Employers of child-related services need access and update the online WWC system with their current employees to include the Working With Children (WWC) number of each child-related employee. This means that technically if there is an adverse finding in the future, an employer could theoretically be notified, however there is no official requirement to do so, on the contrary, there is concern that lack of coordination between states may allow some adverse issues slip through. According to Working With Children NSW, if the verification result is CLEARED or APPLICATION IN PROGRESS, the worker may commence child-related work. If the verification result is NOT FOUND, EXPIRED, INTERIM BARRED or BARRED, the employer must not employ the worker for child-related work and it is a criminal offence to do so.

Once a person has a Working With Children Check they can seek employment in child-related work; the Check relates to the individual, not to the specific position of employment. As such, individuals may use the same check for multiple positions or workplaces.
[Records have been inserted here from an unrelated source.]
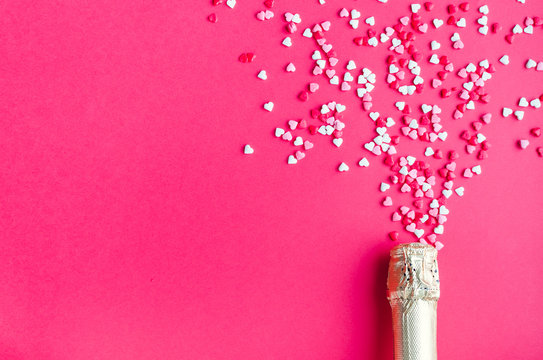 Champagne Bottle On Pink Background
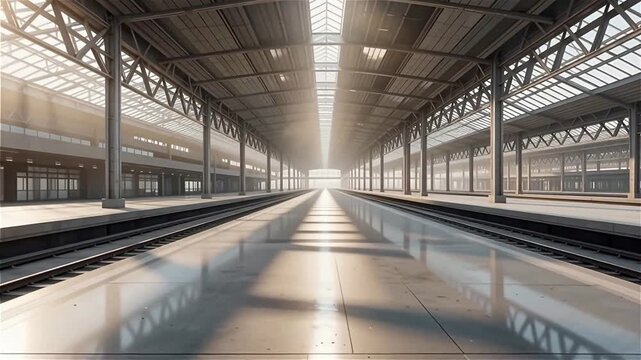 Vast and empty vintage train station platform stretches toward the bright central light under a massive industrial metal roof structure
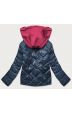 Dámská jarní bunda s kapucí MODA003 modro-růžová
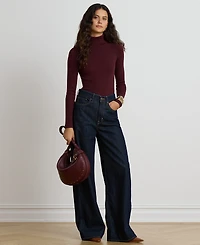 Lauren Ralph Petite Ribbed Slim-Fit Cotton-Blend Turtleneck Sweater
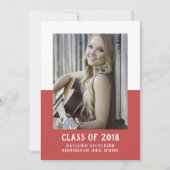 学校カラーブロック卒業招待状 | 赤 招待状 (正面)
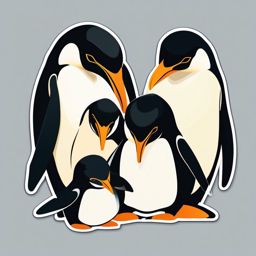 Penguin Family Sticker - A happy family of penguins huddled together. ,vector color sticker art,minimal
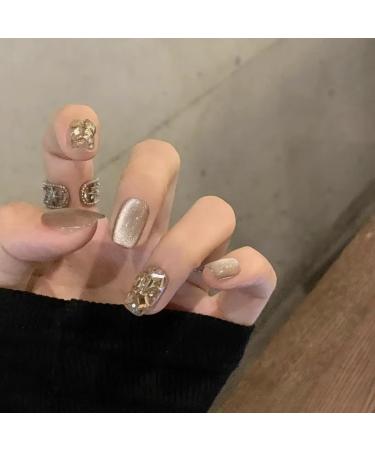 Cat's Eye Nail Champagne Diamond Nail Hand Wearable Nail Detachable False Nail(L) 1 count (Pack of 1)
The WWCC expires after a certain time (5 years) and should be renewed before the deadline to avoid employment compliance issues.

===Exemptions===
Certain roles and positions are exempt from the WWCC requirement. For example, in Queensland, shopping mall Santas are exempt, while those hired by schools and other venues are required to undergo the check. A parent who volunteers at their child's school may be exempt from the check. In other instances, some roles, such as tutors, will require a WWCC in some states but not in others. Schoolchildren are generally exempt from the check, however, the check is required for Year 12 students who repeated their studies (completing a 13th year), as they turned 18.

===Privacy===
The WWCC is intended to exclude people with inappropriate criminal histories from working with children, but at the same time, it is not a mechanism for accessing individual criminal history information. The WWCC process is actually designed to protect the individual from having to reveal their record, as the application is made by the individual, and if rejected is not otherwise publicised.

==Criticism==
Some criticism of the WWCC system followed a report that a man being investigated by counter-terrorism authorities, who had previously been involved in a standoff with police at gunpoint in which he threatened them with a sword, continued to be authorised to work with children. Nesha Oneil Hutchinson, President of Australian Childcare Alliance NSW stated that the Working With Children Check system contained serious flaws where unless an individual was convicted of a crime against a child, they may still pass the check. This would allow individuals convicted of crimes against adults to be allowed to work with children. Additionally, the state-based system would possibly allow someone committed of a crime against a child in another state to receive the check as well.

In 2015, final decisions on thousands of applications for checks in South Australia were delayed due to staffing shortages. In some instances, individuals were unable to work while the applications were still being processed, leading members of the public to call for an interim measure to let people work at least until a new clearance was issued.